ゴーキョでもう一泊すると宣言すれば良い事だ。
ただ、すでにコックとキッチンボーイ達は食料や調理道具、自分たちの荷物を担いで昼食場所へ出発していると言う。
彼らを呼び返すのは大変だし、サーダーとしてのニマさんの面子を潰してしまう。

ああ! どうすれば良いのだ?

チョ・オユー
ゴーキョからのチョ・オユー

 

決断

しばし考えたあげく、レンジョ・パスは諦める事にした。
雪と氷でレンジョ・パスには物理的に行けないのだと思う事にした。

そのように決断し、ニマさんに伝えると、安心したようないつもの穏やかな顔つきに戻った。
残念だが、その事はもう考えないようにした。
イジイジしても仕方が無い。
最後は自分で判断したのだ、それで良いじゃないか・・・。

ただ、この辺りに現地会社や現地ガイドとの意思疎通の限界があるのかも知れない。
相互に信頼はしてても、日本人独特の心情は決して伝わらないのだ。
私としてもトレックを始めてから2週間以上が経ち、こちらの要求は完璧に理解され実行されるものだと言う思い込みがあったのも事実で、反省しなければならないと感じた。

 

マチェルモへ

マチェルモへはゴーキョからゆっくり歩いて3時間ほど。
ドード・コシの流れに沿って、のんびり下って行く。

ゴーキョへ向かう人達に、挨拶しながら「ゴーキョは素晴らしいですよ、楽しんで来て下さいね」と声をかける。

渓流沿いの景色も素晴らしい。
振り返れば、チョ.オユーがいつまでも見守ってくれ、行く手にはカンテガ、タムセルクの姿が次第に大きくなって来る。

過ぎた事をクヨクヨ思っても仕方が無い。
気持ちを切り替えよう。
でも、その為に遠くから時間を作ってやって来たのだと思うと、ついつい悔やんでしまうんだよな〜!

マチェルモの岩山マチェルモの岩山

 

トイレ

尾籠な話で恐縮だがトレッキング中トイレは、ロッジのを借用するか、自作のトイレテントでするかである。
3週間のうち、トイレテントを使用したのは6日間で、多くはロッジのトイレを借用した。

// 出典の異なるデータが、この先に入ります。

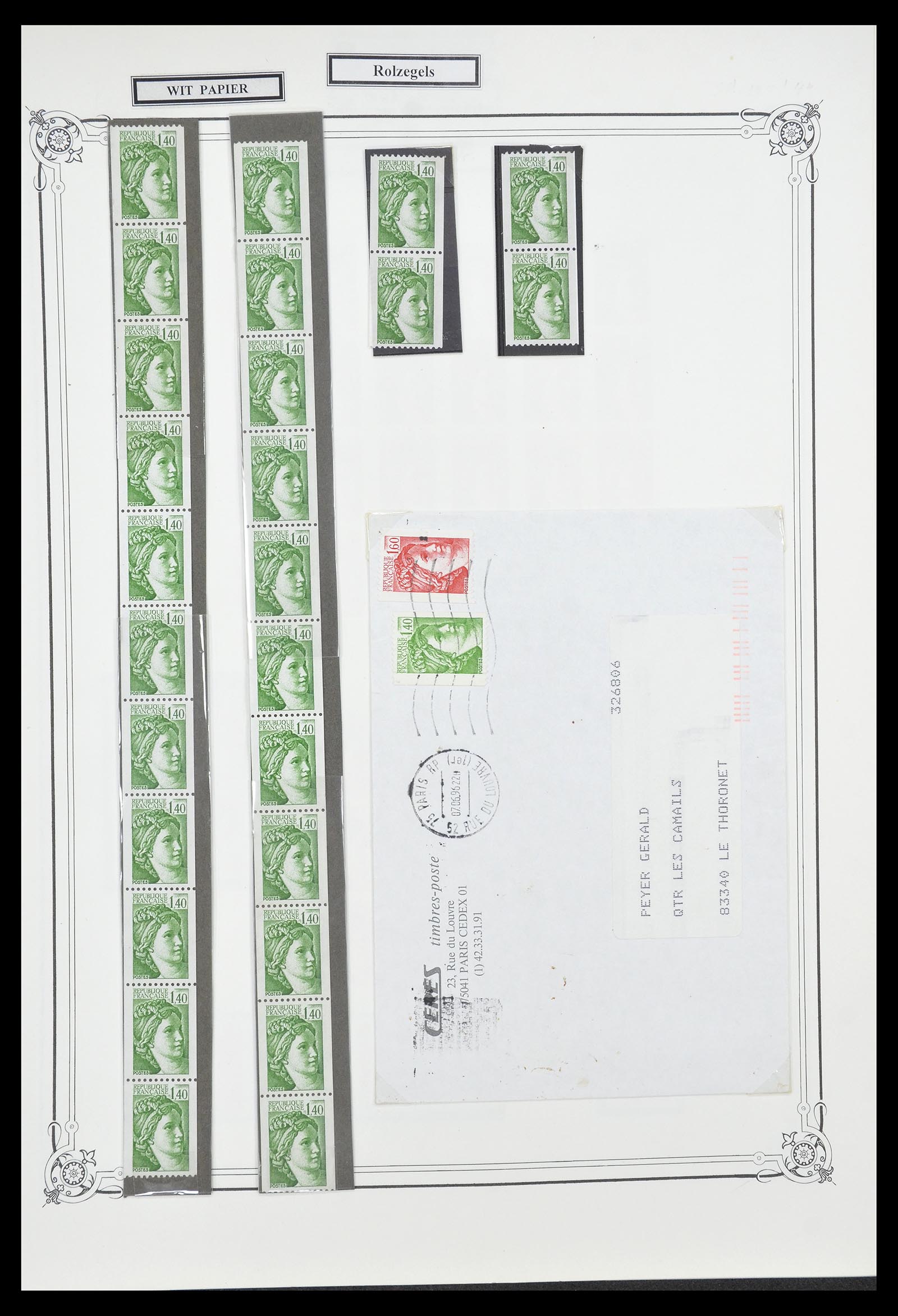 34654 092 - Postzegelverzameling 34654 Frankrijk 1938-1981.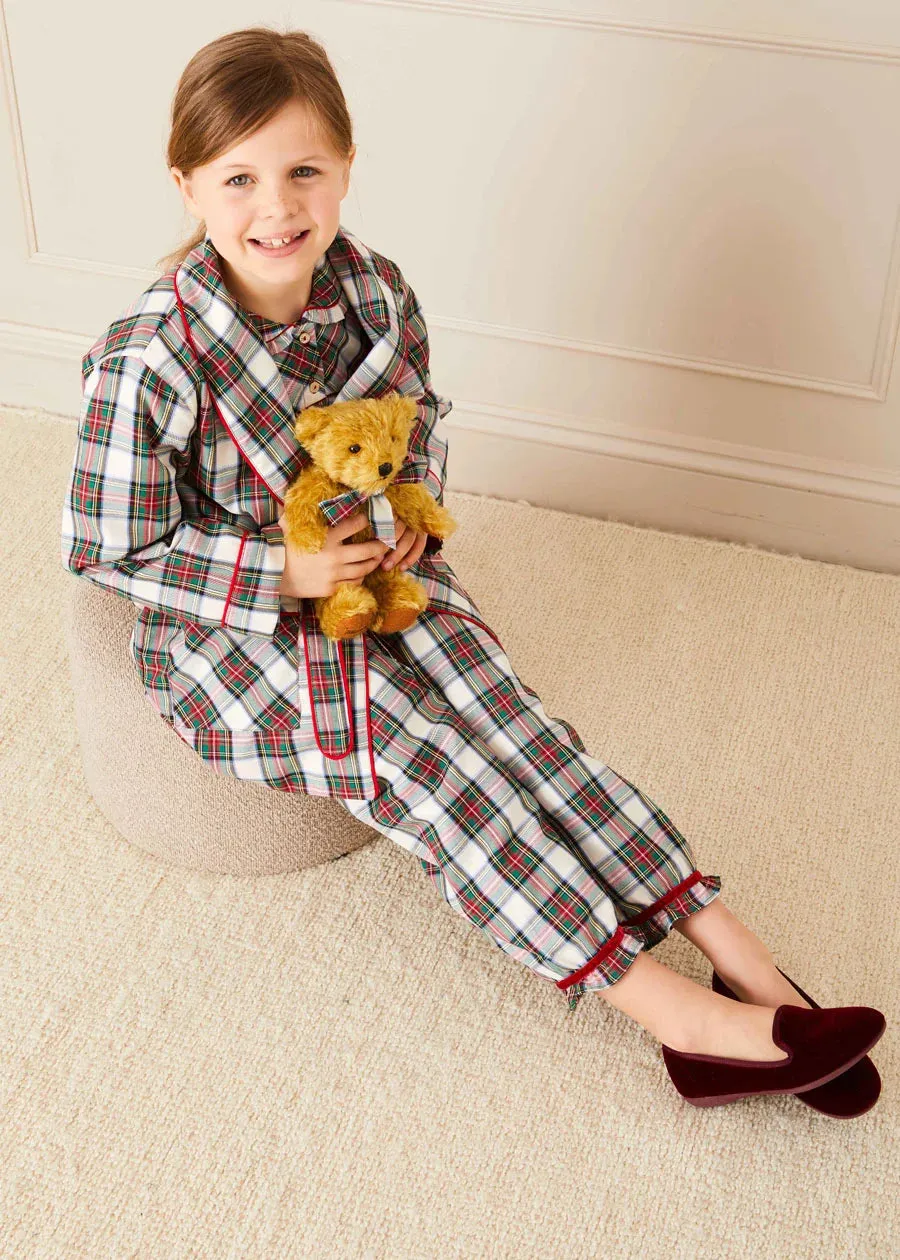 Sussex Tartan Dressing Gown in Red (2-10yrs)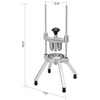 image:imageVEVOR 6Section Commercial Easy Wedger Stainless Steel Blade Fruit Lime Slicer Lemon Cutter for Home Bar Restaurant1 Blade  8Section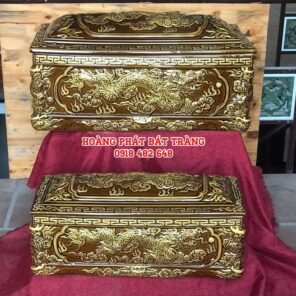 Tiểu quách sứ men hoàng thổ nhũ vàng
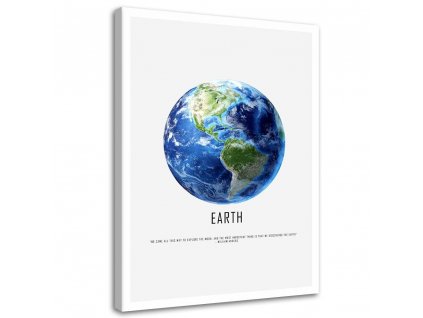 Vászonkép Föld bolygó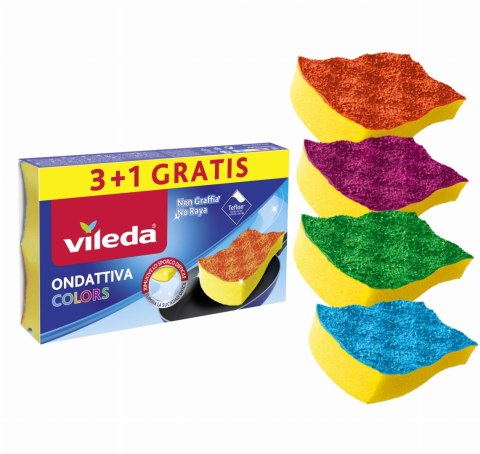 ZMYWAK VILEDA PUR ACTIvE COLORS 4 SZT. ZMYWAK VILEDA PUR ACTIvE COLORS 4 SZT.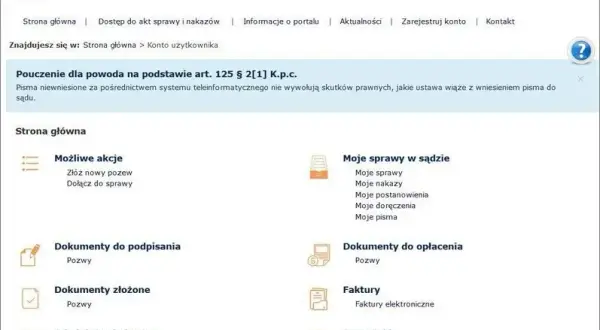 Jak łatwo sprawdzić sprawę w e-sądzie bez zakupu konta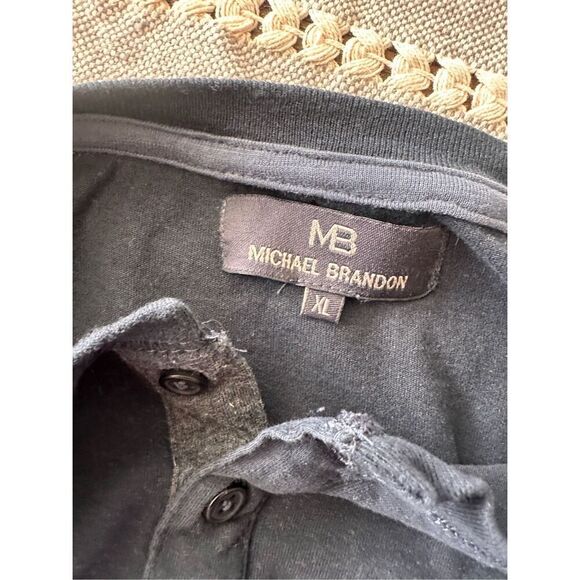 Blue Button Long-sleeve Shirt - Picture 5 of 5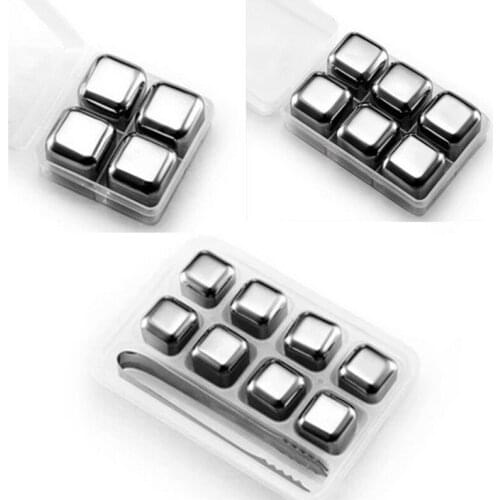 Stainless Steel Whiskey Stones Ice Cubes Soapstone Glacier Cooler Stone bar KTV supplies stones for whiskey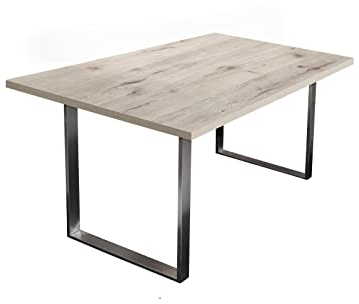 möbelando Esstisch Steel in sandeiche. Abmessungen (BxHxT) 138x76x90 cm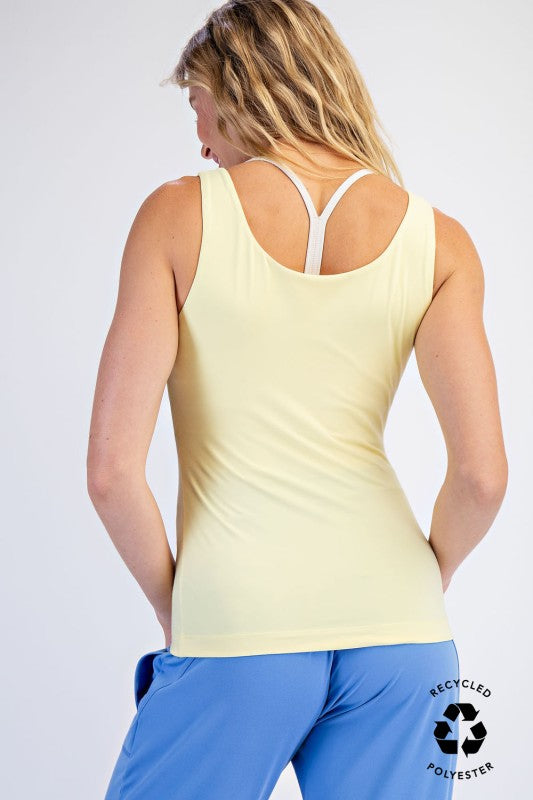 Yellow Butter Soft Tank - Plus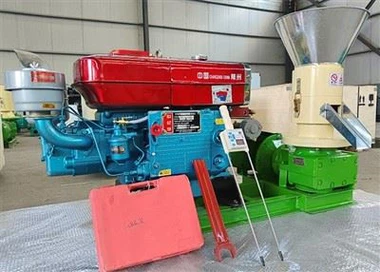 Moara de peleti din lemn diesel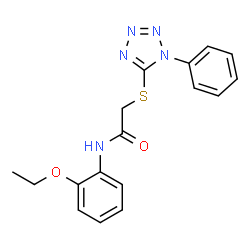 N-(2-ethoxyphenyl)-2-[(1-phenyl-1H-tetrazol-5-yl)sulfanyl]acetamide Structure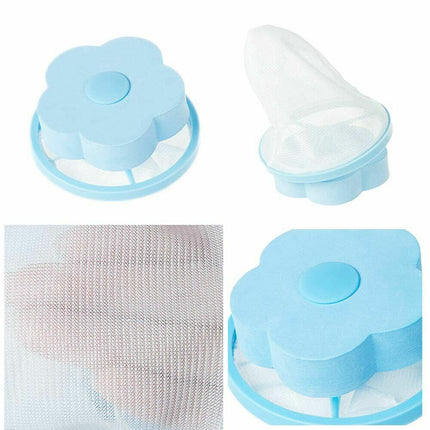 5x Washing Machine Filter Bag Floating Lint Hair Catcher Mesh Pouch Laundry Tool - Aimall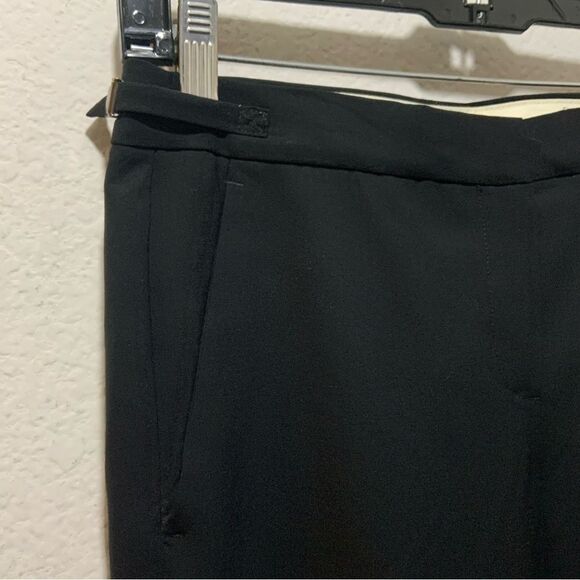 THEORY Wool-blend straight-leg pants size 2 wool 98% Lycra :2% - Picture 4 of 11
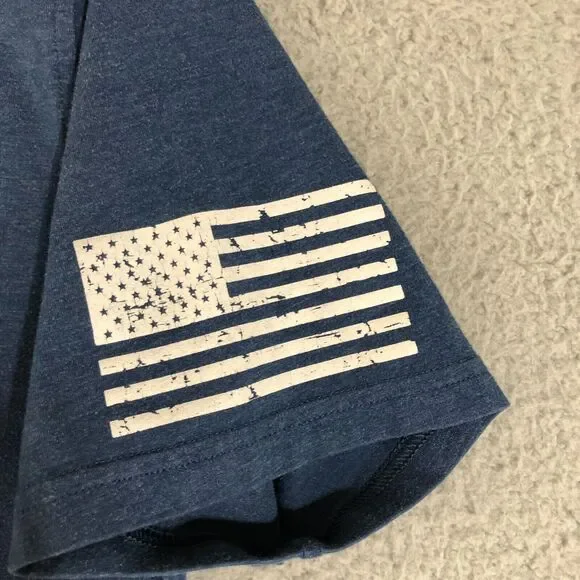 Under Armour Shirt Men Medium‎ Blue Charged Heatgear Graphic Skull Anchor Logo - Picture 7 of 11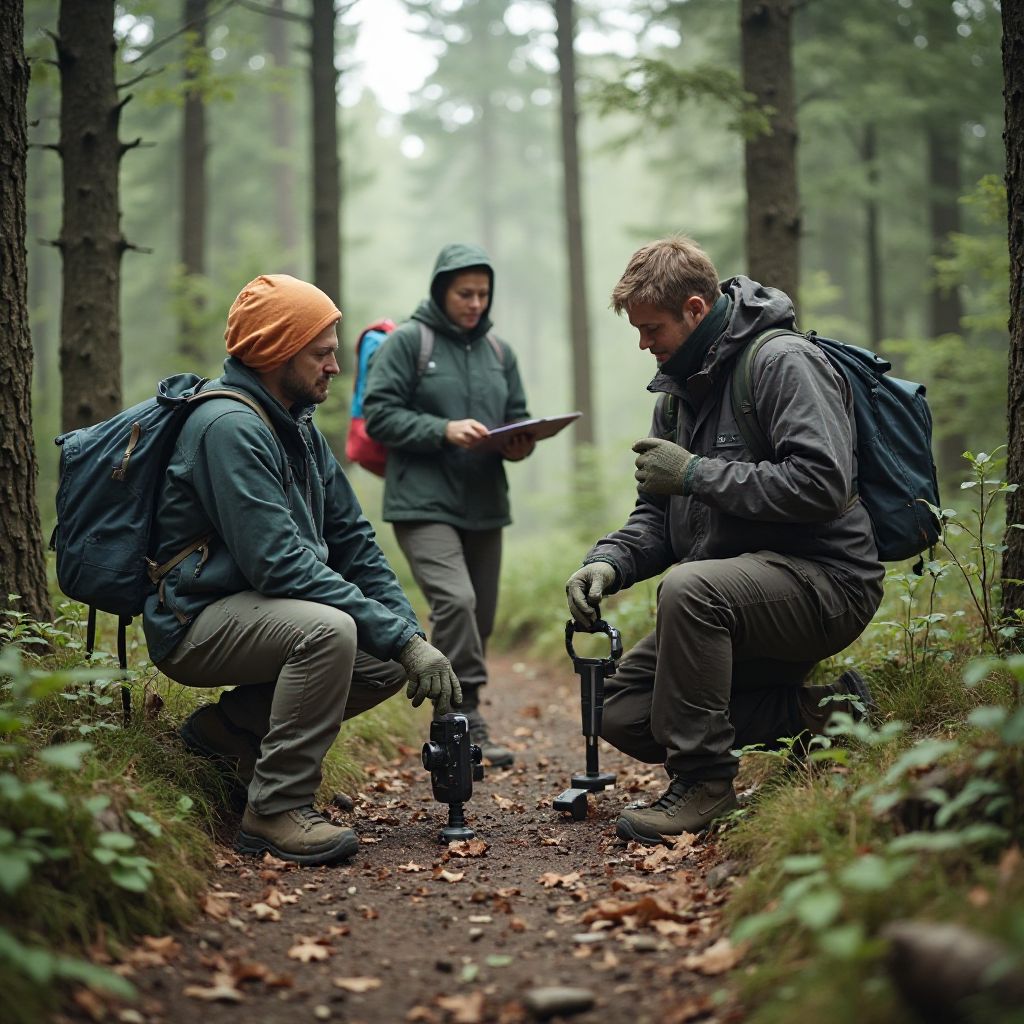 InwovenZboza founding team in Carpathian Mountains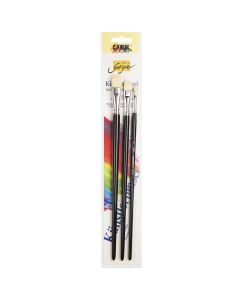 SOLO GOYA Artists' Ensemble de brosses en poils de sanglier - 3 pièces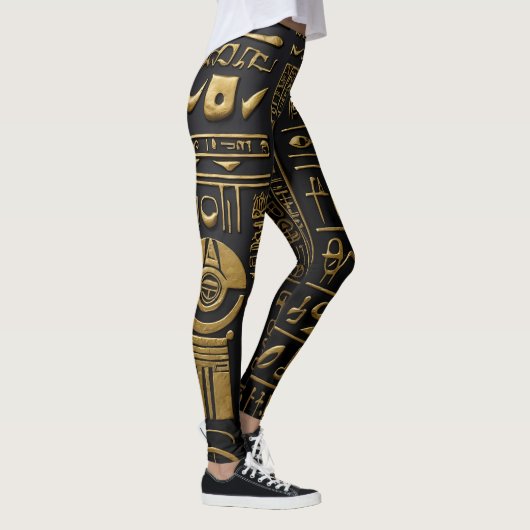 Ägyptische Hieroglyphische Leggings (Rechts)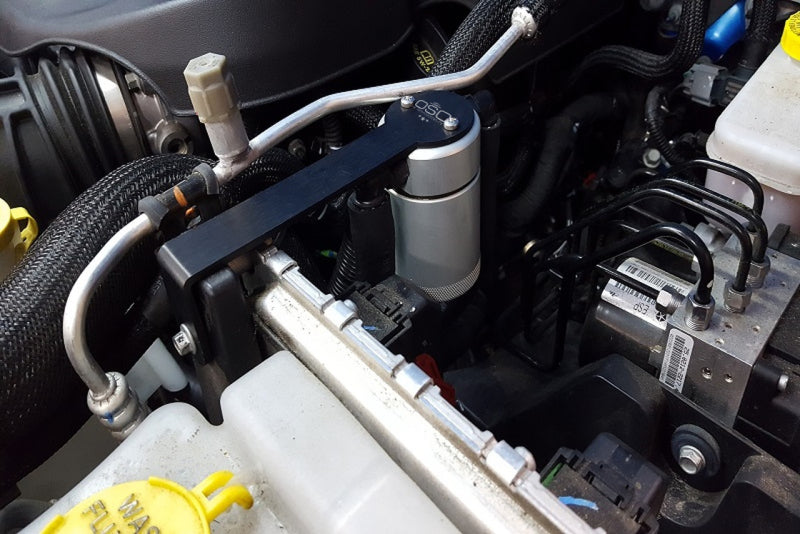 J&L 3064D-C 12-17 Jeep Wrangler JK 3.6L Passenger Side Oil Separator 3.0 - Clear Anodized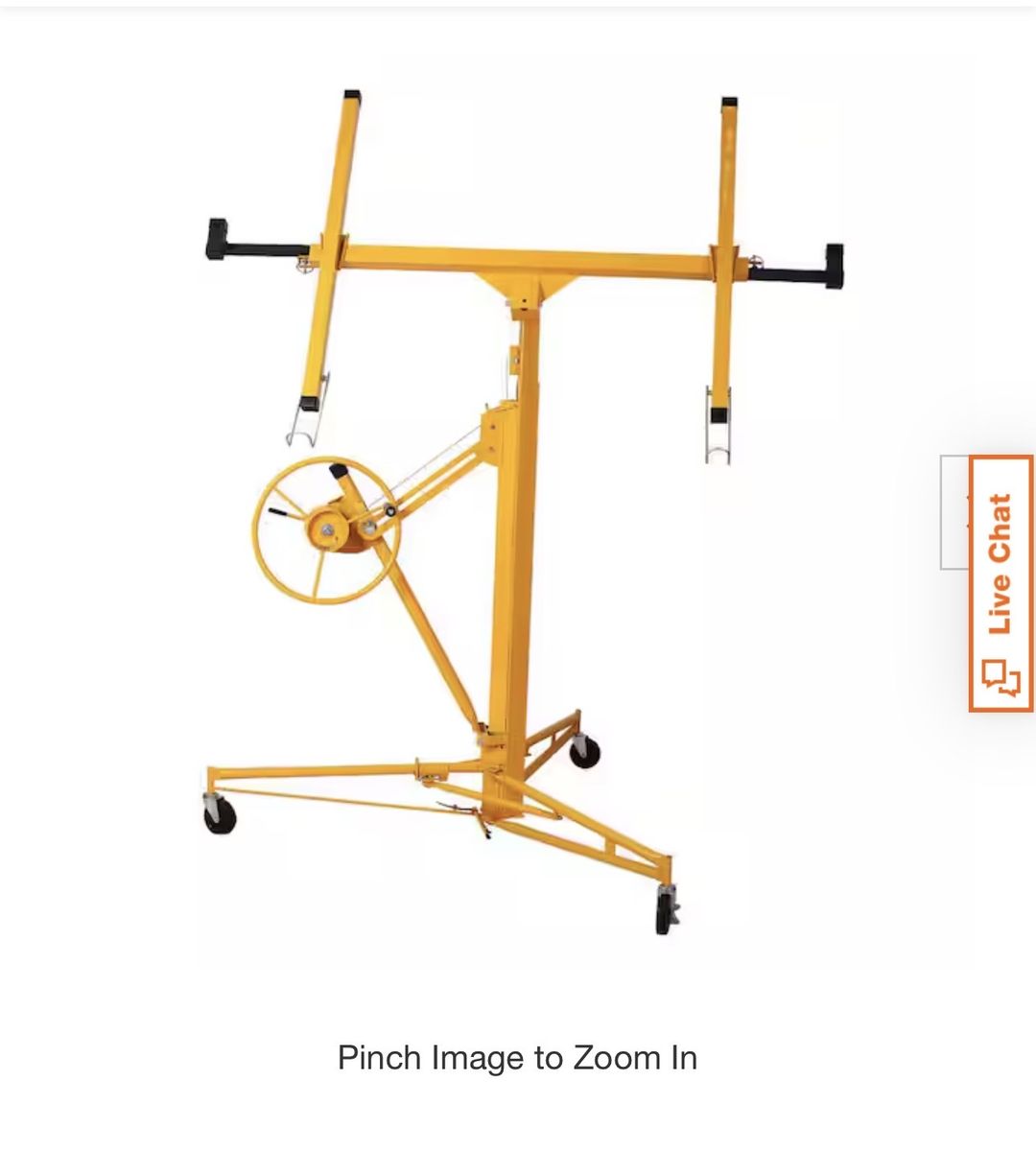 Drywall Lift Panel Hoist Jack Sheetrock Lifter, 11 ft. Max Height, 150 lbs Load Capacity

ロッジのトイレも時代の要請なのだろう、かなり奇麗で使い易いものが多くなって来ているようであるが、まだ古く正直立ちすくんでしまうようなものも残っている。

マッチェルモの借用したロッジのトイレはまさにその代表格。
さすがの私でも使う気になれず、最初の休憩時に大自然を鑑賞しながらのキジ打ちでしのいだ。
チョラパスの麓の草原でキャンプした時に次いで2回目である。
2回とも大自然の中でたいそう気持ちが良かったが、誰でもいつでも出来る事ではない。

ロッジのトイレの改善、一日も早くすべてのロッジで行ってほしいものである。

 

モンラ峠

モンラ峠へはドード・コシの深い谷の山腹に付けられた高度感溢れるトラバース道を緩やかに下る。
眺望も素晴らしく、気持ちよく歩けるプロムナードである。
このゴーキョへ通じる道は、カラパタールへの道と比べ、トレッカーの姿が極めて少ない。
静かな山旅を求めるなら、この道がお勧めである。

ゴーキョへの道
ゴーキョへ続く道(左上)とドード・コシの流れ

どんどん高度を下げ4200mを切るとシャクナゲが目立ち始め、4000mを切ると木々が急に多くなって来た。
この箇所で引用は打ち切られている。